---------- Records supplied

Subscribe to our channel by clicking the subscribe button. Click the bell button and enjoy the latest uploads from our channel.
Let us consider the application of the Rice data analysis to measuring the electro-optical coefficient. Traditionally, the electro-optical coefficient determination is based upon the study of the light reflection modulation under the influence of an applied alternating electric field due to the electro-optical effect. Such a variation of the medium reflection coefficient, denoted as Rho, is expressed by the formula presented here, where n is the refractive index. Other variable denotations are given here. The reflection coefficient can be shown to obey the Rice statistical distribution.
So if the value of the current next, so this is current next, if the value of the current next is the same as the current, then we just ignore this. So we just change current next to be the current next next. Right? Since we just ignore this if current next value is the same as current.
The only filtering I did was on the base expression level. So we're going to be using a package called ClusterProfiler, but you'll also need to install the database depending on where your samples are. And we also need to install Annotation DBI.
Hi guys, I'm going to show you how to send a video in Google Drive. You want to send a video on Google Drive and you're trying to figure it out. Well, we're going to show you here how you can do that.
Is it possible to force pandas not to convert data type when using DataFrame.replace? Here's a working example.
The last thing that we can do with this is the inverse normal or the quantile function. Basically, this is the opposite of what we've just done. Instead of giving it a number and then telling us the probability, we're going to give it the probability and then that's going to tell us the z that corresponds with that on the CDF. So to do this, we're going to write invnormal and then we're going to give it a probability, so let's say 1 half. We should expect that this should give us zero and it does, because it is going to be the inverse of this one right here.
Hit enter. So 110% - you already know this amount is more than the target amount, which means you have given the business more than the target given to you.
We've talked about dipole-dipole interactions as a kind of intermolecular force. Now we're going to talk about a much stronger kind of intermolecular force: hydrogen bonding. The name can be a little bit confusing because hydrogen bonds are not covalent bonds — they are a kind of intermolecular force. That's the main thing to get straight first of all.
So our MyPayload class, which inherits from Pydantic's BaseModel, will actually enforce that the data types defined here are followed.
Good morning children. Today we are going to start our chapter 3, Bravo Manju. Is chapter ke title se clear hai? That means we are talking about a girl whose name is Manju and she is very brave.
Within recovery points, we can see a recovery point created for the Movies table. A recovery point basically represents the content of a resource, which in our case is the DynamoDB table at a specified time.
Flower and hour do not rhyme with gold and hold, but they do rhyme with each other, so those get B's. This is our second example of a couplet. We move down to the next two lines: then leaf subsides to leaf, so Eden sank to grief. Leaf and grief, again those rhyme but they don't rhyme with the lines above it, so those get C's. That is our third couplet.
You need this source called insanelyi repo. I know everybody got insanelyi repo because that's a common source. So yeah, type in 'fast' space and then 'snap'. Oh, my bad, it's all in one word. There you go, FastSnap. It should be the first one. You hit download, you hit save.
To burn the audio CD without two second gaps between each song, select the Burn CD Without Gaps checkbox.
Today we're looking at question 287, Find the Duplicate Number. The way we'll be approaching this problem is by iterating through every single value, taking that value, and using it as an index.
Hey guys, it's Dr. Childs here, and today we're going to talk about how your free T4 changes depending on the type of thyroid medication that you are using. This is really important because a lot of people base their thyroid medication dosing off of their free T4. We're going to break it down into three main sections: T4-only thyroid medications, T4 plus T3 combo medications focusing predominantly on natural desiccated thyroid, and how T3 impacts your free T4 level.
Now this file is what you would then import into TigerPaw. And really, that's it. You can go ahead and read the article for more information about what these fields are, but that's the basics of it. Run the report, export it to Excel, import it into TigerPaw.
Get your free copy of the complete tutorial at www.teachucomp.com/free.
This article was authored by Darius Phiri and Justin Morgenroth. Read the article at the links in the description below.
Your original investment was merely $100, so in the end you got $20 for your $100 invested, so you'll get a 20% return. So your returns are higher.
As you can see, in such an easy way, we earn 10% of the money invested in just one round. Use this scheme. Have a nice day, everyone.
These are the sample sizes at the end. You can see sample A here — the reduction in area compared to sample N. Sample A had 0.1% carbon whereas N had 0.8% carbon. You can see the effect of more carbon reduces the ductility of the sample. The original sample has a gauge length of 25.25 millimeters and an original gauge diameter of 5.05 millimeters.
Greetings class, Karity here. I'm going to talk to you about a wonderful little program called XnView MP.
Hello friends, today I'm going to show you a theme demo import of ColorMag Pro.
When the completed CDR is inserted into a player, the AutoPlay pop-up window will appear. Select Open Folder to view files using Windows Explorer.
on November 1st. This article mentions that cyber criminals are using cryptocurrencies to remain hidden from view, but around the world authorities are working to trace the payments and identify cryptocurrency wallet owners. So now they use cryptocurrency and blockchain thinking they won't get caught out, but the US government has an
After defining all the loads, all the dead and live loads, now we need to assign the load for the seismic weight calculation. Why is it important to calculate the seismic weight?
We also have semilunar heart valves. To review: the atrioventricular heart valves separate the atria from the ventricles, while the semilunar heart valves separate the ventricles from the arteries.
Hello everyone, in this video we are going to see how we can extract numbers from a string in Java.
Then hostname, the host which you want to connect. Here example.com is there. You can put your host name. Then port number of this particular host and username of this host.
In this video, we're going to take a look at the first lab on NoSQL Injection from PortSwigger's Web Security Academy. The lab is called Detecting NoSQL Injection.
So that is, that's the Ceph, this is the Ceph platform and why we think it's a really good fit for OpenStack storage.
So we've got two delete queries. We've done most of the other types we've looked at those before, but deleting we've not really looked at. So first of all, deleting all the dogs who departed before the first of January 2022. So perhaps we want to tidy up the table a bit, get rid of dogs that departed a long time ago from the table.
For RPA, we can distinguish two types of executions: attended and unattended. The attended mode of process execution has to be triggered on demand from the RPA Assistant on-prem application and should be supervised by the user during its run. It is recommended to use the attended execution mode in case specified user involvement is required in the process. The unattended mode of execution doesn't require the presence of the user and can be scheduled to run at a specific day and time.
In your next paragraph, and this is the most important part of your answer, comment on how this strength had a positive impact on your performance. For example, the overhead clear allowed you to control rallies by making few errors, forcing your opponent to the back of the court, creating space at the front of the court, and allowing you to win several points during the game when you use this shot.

--------------------

> Brief: The answer should be all the entries, restated with no word changed.

> Problem solution:
Subscribe to our channel by clicking the subscribe button. Click the bell button and enjoy the latest uploads from our channel.
Let us consider the application of the Rice data analysis to measuring the electro-optical coefficient. Traditionally, the electro-optical coefficient determination is based upon the study of the light reflection modulation under the influence of an applied alternating electric field due to the electro-optical effect. Such a variation of the medium reflection coefficient, denoted as Rho, is expressed by the formula presented here, where n is the refractive index. Other variable denotations are given here. The reflection coefficient can be shown to obey the Rice statistical distribution.
So if the value of the current next, so this is current next, if the value of the current next is the same as the current, then we just ignore this. So we just change current next to be the current next next. Right? Since we just ignore this if current next value is the same as current.
The only filtering I did was on the base expression level. So we're going to be using a package called ClusterProfiler, but you'll also need to install the database depending on where your samples are. And we also need to install Annotation DBI.
Hi guys, I'm going to show you how to send a video in Google Drive. You want to send a video on Google Drive and you're trying to figure it out. Well, we're going to show you here how you can do that.
Is it possible to force pandas not to convert data type when using DataFrame.replace? Here's a working example.
The last thing that we can do with this is the inverse normal or the quantile function. Basically, this is the opposite of what we've just done. Instead of giving it a number and then telling us the probability, we're going to give it the probability and then that's going to tell us the z that corresponds with that on the CDF. So to do this, we're going to write invnormal and then we're going to give it a probability, so let's say 1 half. We should expect that this should give us zero and it does, because it is going to be the inverse of this one right here.
Hit enter. So 110% - you already know this amount is more than the target amount, which means you have given the business more than the target given to you.
We've talked about dipole-dipole interactions as a kind of intermolecular force. Now we're going to talk about a much stronger kind of intermolecular force: hydrogen bonding. The name can be a little bit confusing because hydrogen bonds are not covalent bonds — they are a kind of intermolecular force. That's the main thing to get straight first of all.
So our MyPayload class, which inherits from Pydantic's BaseModel, will actually enforce that the data types defined here are followed.
Good morning children. Today we are going to start our chapter 3, Bravo Manju. Is chapter ke title se clear hai? That means we are talking about a girl whose name is Manju and she is very brave.
Within recovery points, we can see a recovery point created for the Movies table. A recovery point basically represents the content of a resource, which in our case is the DynamoDB table at a specified time.
Flower and hour do not rhyme with gold and hold, but they do rhyme with each other, so those get B's. This is our second example of a couplet. We move down to the next two lines: then leaf subsides to leaf, so Eden sank to grief. Leaf and grief, again those rhyme but they don't rhyme with the lines above it, so those get C's. That is our third couplet.
You need this source called insanelyi repo. I know everybody got insanelyi repo because that's a common source. So yeah, type in 'fast' space and then 'snap'. Oh, my bad, it's all in one word. There you go, FastSnap. It should be the first one. You hit download, you hit save.
To burn the audio CD without two second gaps between each song, select the Burn CD Without Gaps checkbox.
Today we're looking at question 287, Find the Duplicate Number. The way we'll be approaching this problem is by iterating through every single value, taking that value, and using it as an index.
Hey guys, it's Dr. Childs here, and today we're going to talk about how your free T4 changes depending on the type of thyroid medication that you are using. This is really important because a lot of people base their thyroid medication dosing off of their free T4. We're going to break it down into three main sections: T4-only thyroid medications, T4 plus T3 combo medications focusing predominantly on natural desiccated thyroid, and how T3 impacts your free T4 level.
Now this file is what you would then import into TigerPaw. And really, that's it. You can go ahead and read the article for more information about what these fields are, but that's the basics of it. Run the report, export it to Excel, import it into TigerPaw.
Get your free copy of the complete tutorial at www.teachucomp.com/free.
This article was authored by Darius Phiri and Justin Morgenroth. Read the article at the links in the description below.
Your original investment was merely $100, so in the end you got $20 for your $100 invested, so you'll get a 20% return. So your returns are higher.
As you can see, in such an easy way, we earn 10% of the money invested in just one round. Use this scheme. Have a nice day, everyone.
These are the sample sizes at the end. You can see sample A here — the reduction in area compared to sample N. Sample A had 0.1% carbon whereas N had 0.8% carbon. You can see the effect of more carbon reduces the ductility of the sample. The original sample has a gauge length of 25.25 millimeters and an original gauge diameter of 5.05 millimeters.
Greetings class, Karity here. I'm going to talk to you about a wonderful little program called XnView MP.
Hello friends, today I'm going to show you a theme demo import of ColorMag Pro.
When the completed CDR is inserted into a player, the AutoPlay pop-up window will appear. Select Open Folder to view files using Windows Explorer.
on November 1st. This article mentions that cyber criminals are using cryptocurrencies to remain hidden from view, but around the world authorities are working to trace the payments and identify cryptocurrency wallet owners. So now they use cryptocurrency and blockchain thinking they won't get caught out, but the US government has an
After defining all the loads, all the dead and live loads, now we need to assign the load for the seismic weight calculation. Why is it important to calculate the seismic weight?
We also have semilunar heart valves. To review: the atrioventricular heart valves separate the atria from the ventricles, while the semilunar heart valves separate the ventricles from the arteries.
Hello everyone, in this video we are going to see how we can extract numbers from a string in Java.
Then hostname, the host which you want to connect. Here example.com is there. You can put your host name. Then port number of this particular host and username of this host.
In this video, we're going to take a look at the first lab on NoSQL Injection from PortSwigger's Web Security Academy. The lab is called Detecting NoSQL Injection.
So that is, that's the Ceph, this is the Ceph platform and why we think it's a really good fit for OpenStack storage.
So we've got two delete queries. We've done most of the other types we've looked at those before, but deleting we've not really looked at. So first of all, deleting all the dogs who departed before the first of January 2022. So perhaps we want to tidy up the table a bit, get rid of dogs that departed a long time ago from the table.
For RPA, we can distinguish two types of executions: attended and unattended. The attended mode of process execution has to be triggered on demand from the RPA Assistant on-prem application and should be supervised by the user during its run. It is recommended to use the attended execution mode in case specified user involvement is required in the process. The unattended mode of execution doesn't require the presence of the user and can be scheduled to run at a specific day and time.
In your next paragraph, and this is the most important part of your answer, comment on how this strength had a positive impact on your performance. For example, the overhead clear allowed you to control rallies by making few errors, forcing your opponent to the back of the court, creating space at the front of the court, and allowing you to win several points during the game when you use this shot.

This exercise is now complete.